In an age when physical appearance was believed to be a good indicator of personality, Tudor historians had little problem in describing a man most had never met as being as twisted on the outside as they claimed he was on the inside. It all helped their Tudor masters, perhaps uncertain as to their own legitimacy, to sleep more soundly in their beds.
Inevitably, this 'Tudor' version of events would be challenged, notably by George Buck in 1619, Horace Walpole in 1768 and Clements Markham in 1906. Nineteen twenty-four saw the foundation of the Fellowship of the White Boar, the forerunner of the Richard III Society that has done so much to foster interest in the period, and which spearheaded the campaign to rediscover Richard's remains. In 1951, those who harboured doubts about Richard's involvement in the murder of the princes found unexpected support in the form of crime novelist Josephine Tey. In The Daughter of Time, Tey's fictional detective is recovering from a broken leg when he sees a portrait of Richard III. Convinced that his features are not those of a murderer, he examines the evidence and concludes that Richard's guilt was a fabrication of Tudor propaganda.
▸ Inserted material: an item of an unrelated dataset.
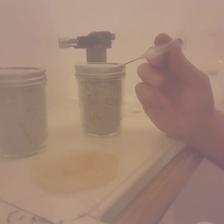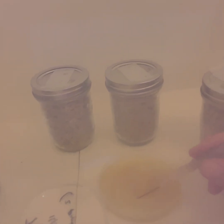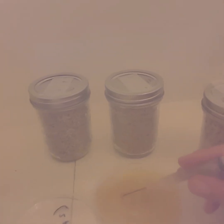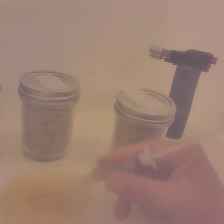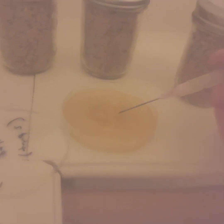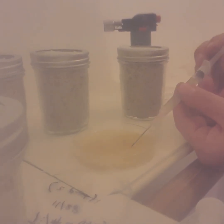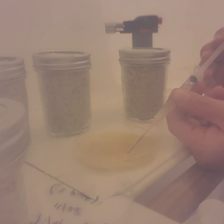I'm stirring up this dish — it had a pretty good mycelium culture, the one I showed earlier. I scratched the mycelium up, put some sterile water in from another syringe, stirred it up, and now I've been sucking it out. I've got this one syringe full already.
Recent decades have seen a decided switch in public attitudes to Richard. He’s now seen by many not as a villain, but as a man largely innocent of the crimes he’s been accused of and whose rule was cruelly cut short by betrayal on the battlefield. Others are more circumspect. Rejecting the ‘Tudor myth’ of a calculating schemer who revels in evil, they nevertheless point out that while Richard may not necessarily have been a bad man, he was certainly a bad king whose actions ultimately led to the destruction not only of himself but also of the Yorkist dynasty.
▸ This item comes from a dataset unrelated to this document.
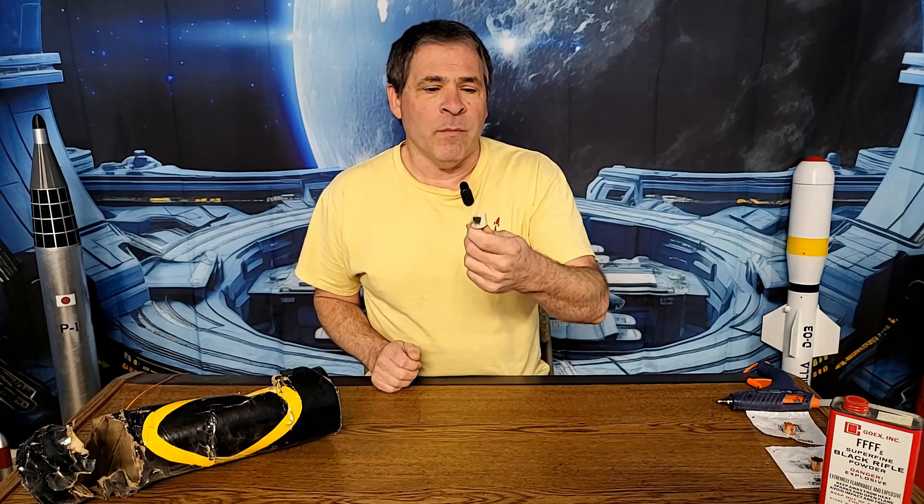We recently had an ejection charge explode inside the rocket, ultimately resulting in the rocket crashing. Today we're going to take a look at what went wrong with the ejection charge. We're going to look at a couple of ways to improve the design and we'll build our new improved ejection charge.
Finally, of course, there’s William Shakespeare. Drawing on the writings of Hall and Holinshed, Shakespeare’s play Richard III gives us a villainous hunchback who had plotted all along to seize the crown. (In doing so he may have been aiming a sly dig at Robert Cecil, Elizabeth’s unpopular minister who did have a hunchback). He makes Richard responsible for just about every significant killing in the Wars of the Roses – from the Duke of Somerset at St Albans in 1455 (quite difficult as Richard was only two at the time) to the Princes in the Tower 30 years later. Shakespeare’s Richard is a monster, but there’s no denying he’s a memorable one. It’s tempting to conclude that that without the lasting interest caused by that grossly unfair portrayal, Richard’s short and unsuccessful reign would be largely consigned to the footnotes of history, there would be no Richard III Society and this controversial king’s body would still be resting under a Leicester car park.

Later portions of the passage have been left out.